A new 2025 report by the African Development Bank (AfDB) revealed that only 14% of Liberian firms have access to bank loans, significantly lower than the Sub-Saharan Africa (SSA) regional average of 22%.
The report highlights the limited financial access facing the country’s small and medium enterprises (SMEs), which make up the backbone of Liberia’s private sector.
According to the AfDB, approximately 97% of SMEs in Liberia are registered as sole proprietorships, a factor that severely limits their ability to secure financing and achieve long-term sustainability.
“About 97% of SMEs are registered as sole proprietors.

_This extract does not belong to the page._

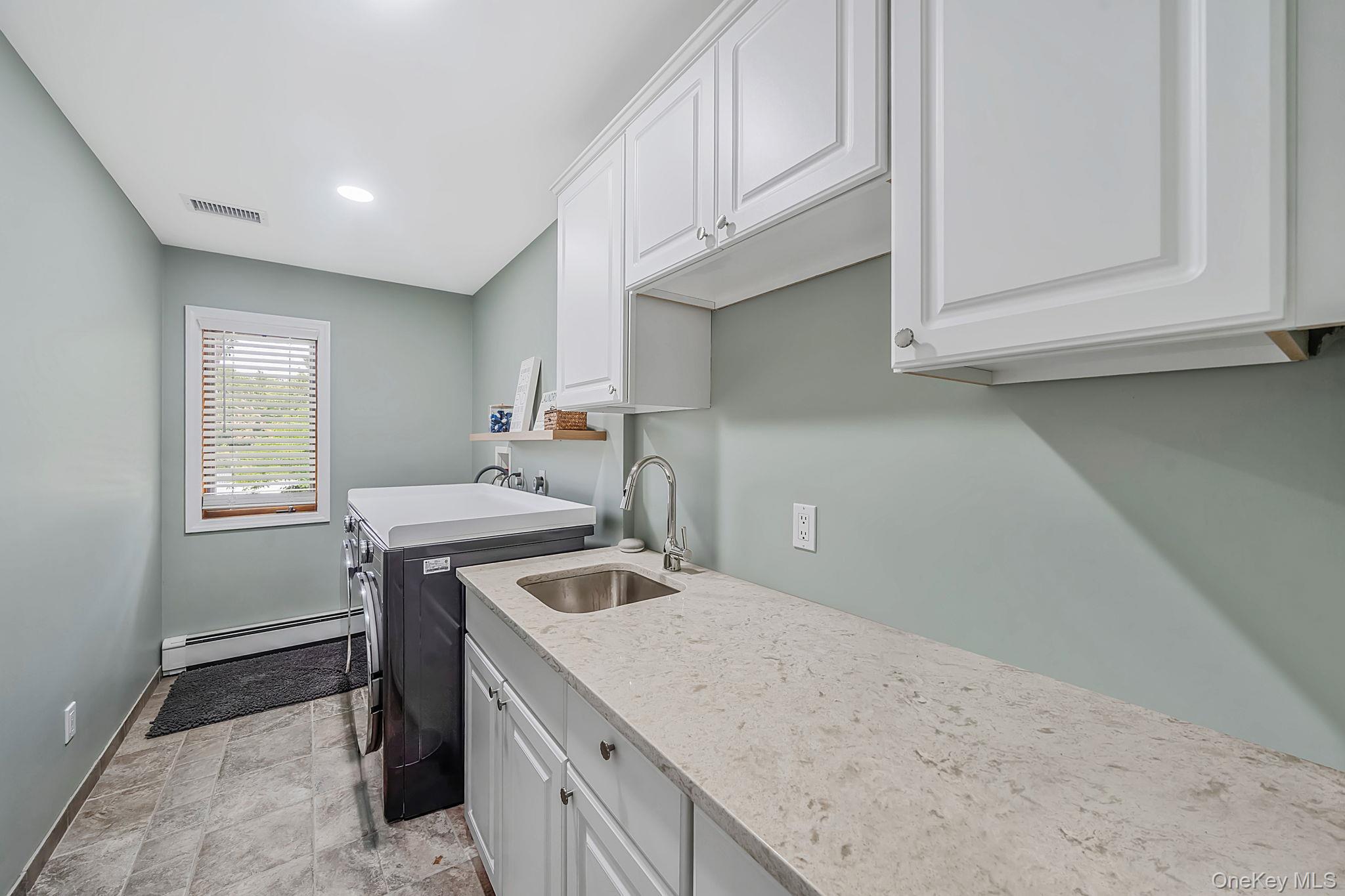 411 Robinson Avenue — photo 27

Only around 14 % of all Liberian firms have access to bank loans, compared to the Sub-Saharan Africa (SSA) regional average of 22 %.” African Development Bank (AfDB), 2025 Report.
Liberia’s private sector remains relatively small and highly informal, with most businesses operating outside of formal legal frameworks.
There are about 10,000 registered companies in Liberia, the majority of which are micro and small enterprises.
Data from the 2017 World Bank Enterprise Survey shows that SMEs represent 91% of Liberian businesses, while large enterprises make up just 9%.
Despite these challenges, financial inclusion has shown gradual improvement since the introduction of mobile money in 2011, which has become a key driver of access to financial services.
The AfDB report also underscores the limited scale of business operations.
Around 80% of businesses employ fewer than 20 people, while only 13% have between 20 and 100 employees.
A 2019 USAID report further noted gender disparities in business ownership: 62% of business owners are male, compared to 35% who are female.
Liberia’s private sector contributes over 50% of the country’s GDP, driven by economic activities in sectors such as mining, oil and gas, forestry, and agriculture.
Challenging Business Environment
While the Liberian government acknowledges the crucial role of the private sector in economic growth and job creation, persistent informality hampers the development of formal enterprises.
Key obstacles include limited access to finance, poor infrastructure, and a weak business-enabling environment.
The report points to regulatory challenges, governance issues, and bureaucratic inefficiencies as major barriers to private sector growth.
Business procedures are often unclear and non-transparent, while the high cost of doing business further discourages sustainability.
As a result, the average lifespan of a startup in Liberia is just six months to one year.
In an effort to improve the business climate, the government has enacted several pieces of legislation aimed at supporting private enterprise.
However, these measures have yet to produce meaningful change. According to the AfDB, despite policy efforts, the intended benefits-such as cost reduction and streamlined regulatory processes-have not materialized.
Ultimately, the report suggests that without stronger implementation and governance, Liberia’s private sector will continue to struggle with systemic challenges that undermine its growth potential.